* _What the exercise asks_: Give back the full listing verbatim, apart from its images.

* _Provided information_:
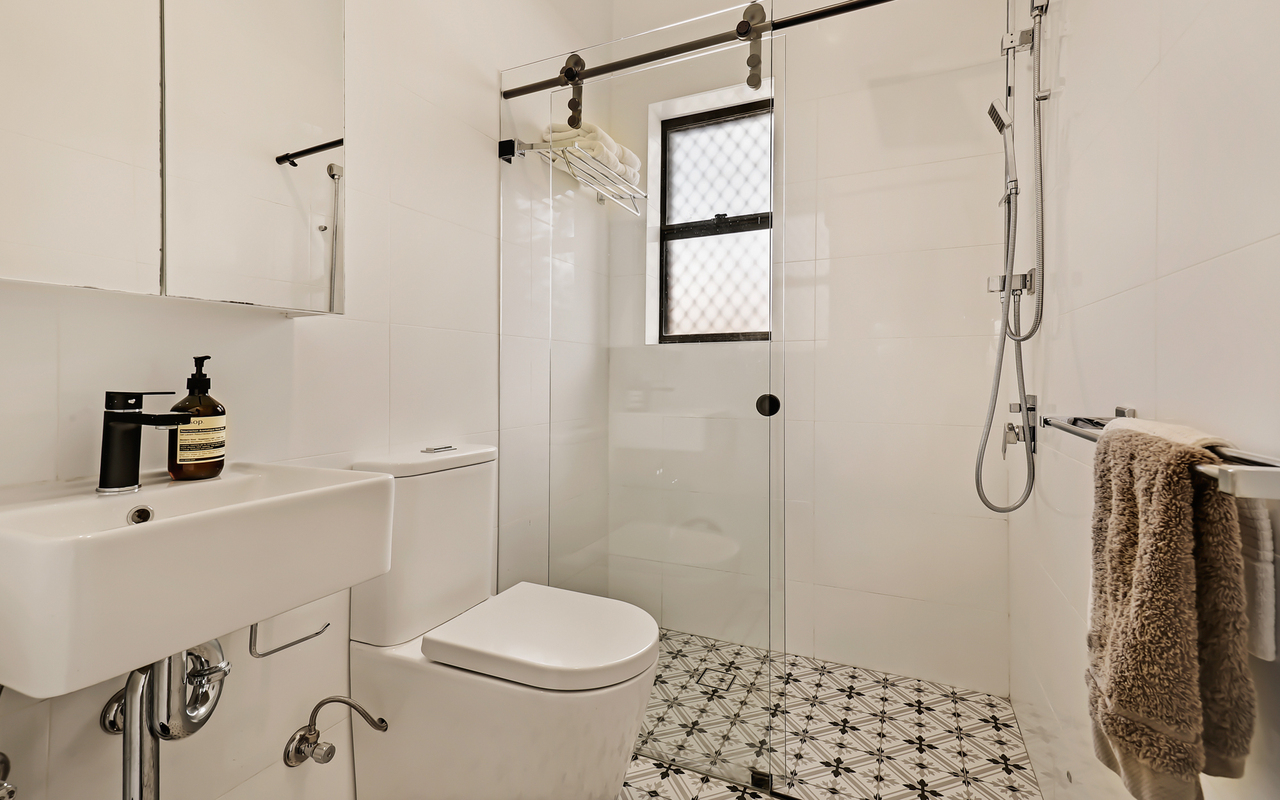 22 Hanks Street, Ashfield, NSW 2131 - Image 8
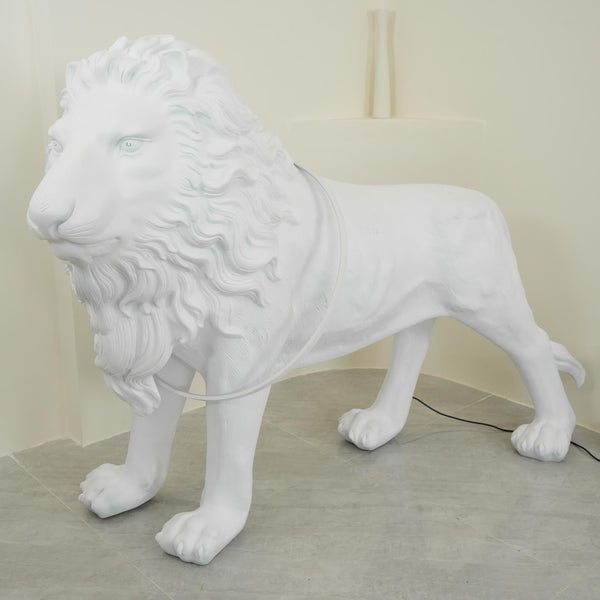 Seleia Floor Lamp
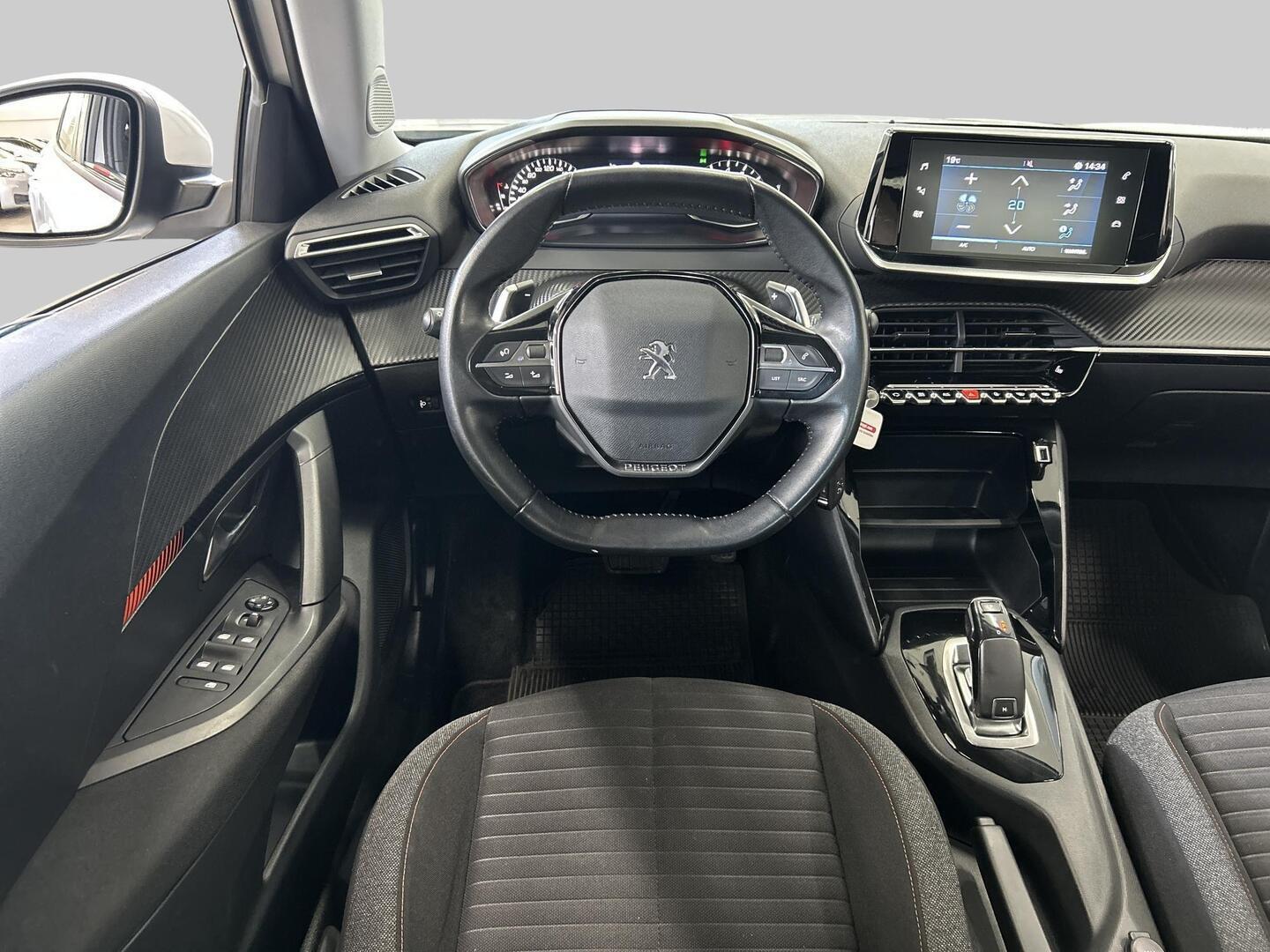 PEUGEOT 2008 2021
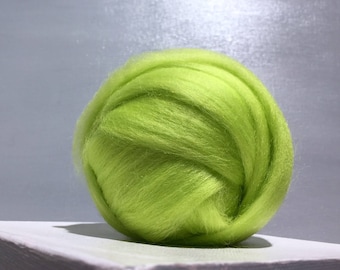 Yellow Green Merino Wool Roving, Needle Felting wool, Spinning Fiber, felting wool, lime green wool, chartreuse Merino roving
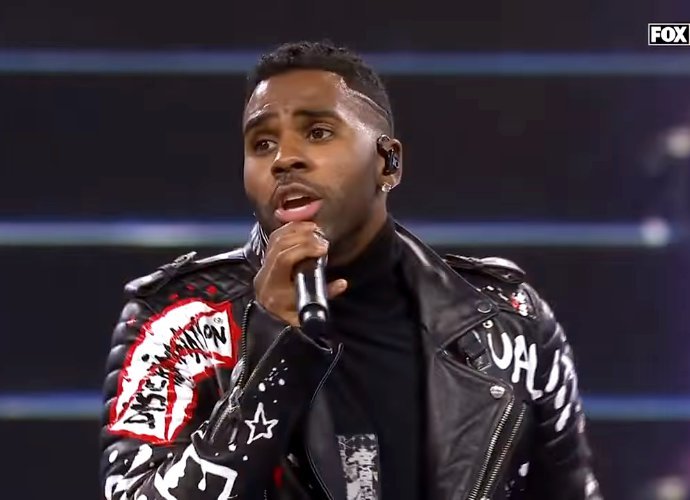 jason-derulo-slammed-for-terrible-halftime-performance-at-vikings-vs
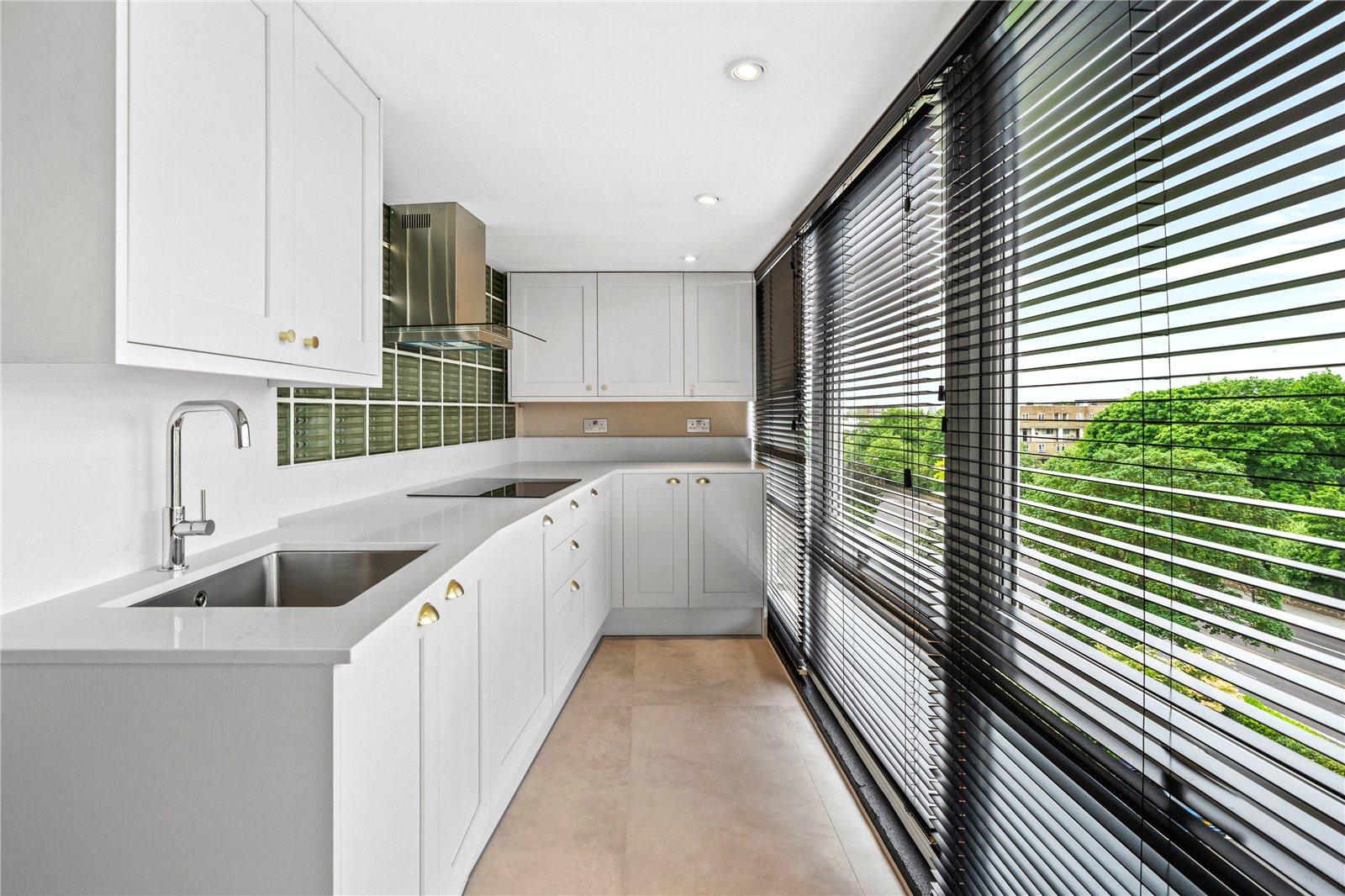 3 bedroom Apartment to rent - Martyn Gerrard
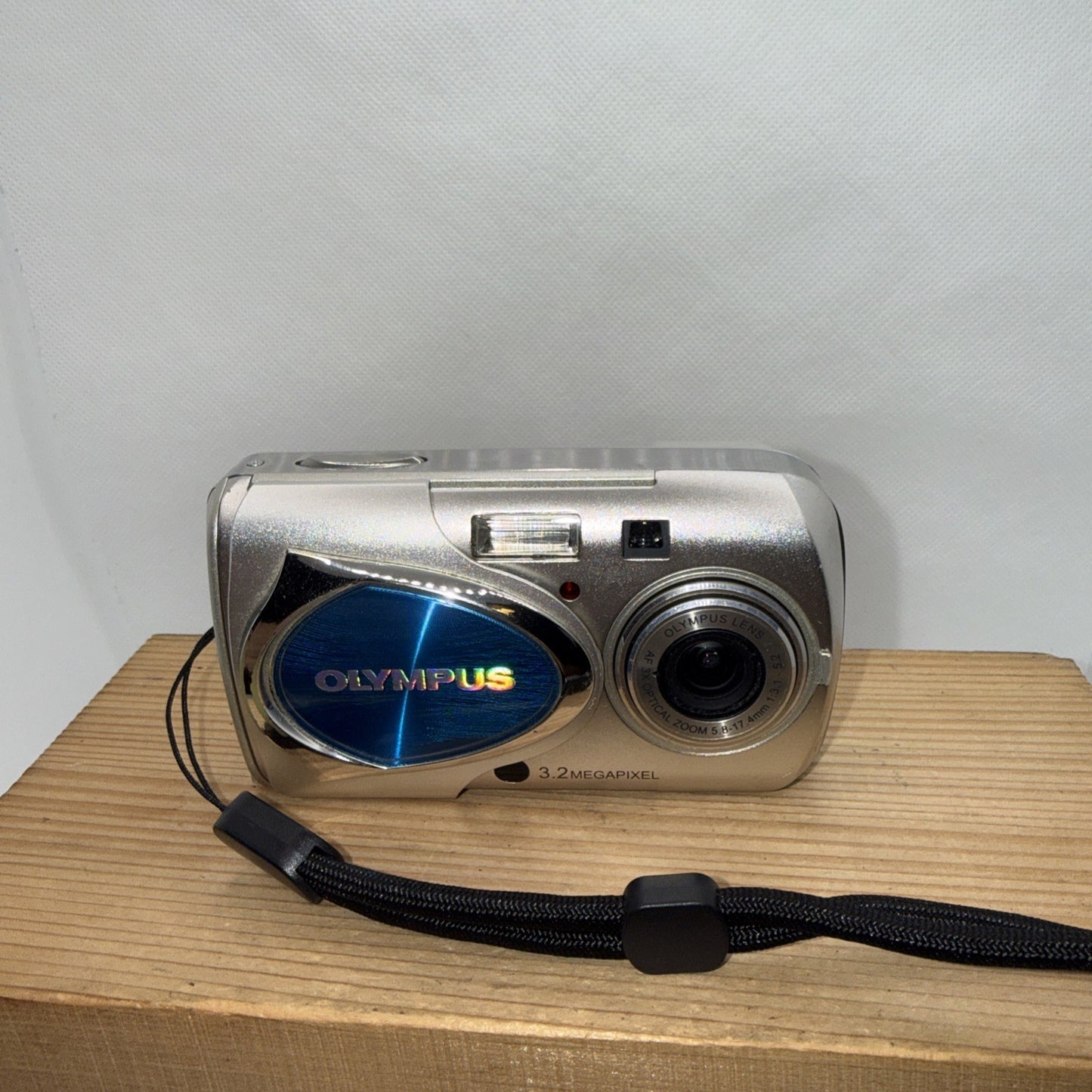 Olympus Digital Camera Mju 300 3.2MP Tested Boxed + Charger Battery Memory Case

* _Task response_:
 22 Hanks Street, Ashfield, NSW 2131 - Image 8
 Seleia Floor Lamp
 PEUGEOT 2008 2021
 Yellow Green Merino Wool Roving, Needle Felting wool, Spinning Fiber, felting wool, lime green wool, chartreuse Merino roving
 jason-derulo-slammed-for-terrible-halftime-performance-at-vikings-vs
 3 bedroom Apartment to rent - Martyn Gerrard
 Olympus Digital Camera Mju 300 3.2MP Tested Boxed + Charger Battery Memory Case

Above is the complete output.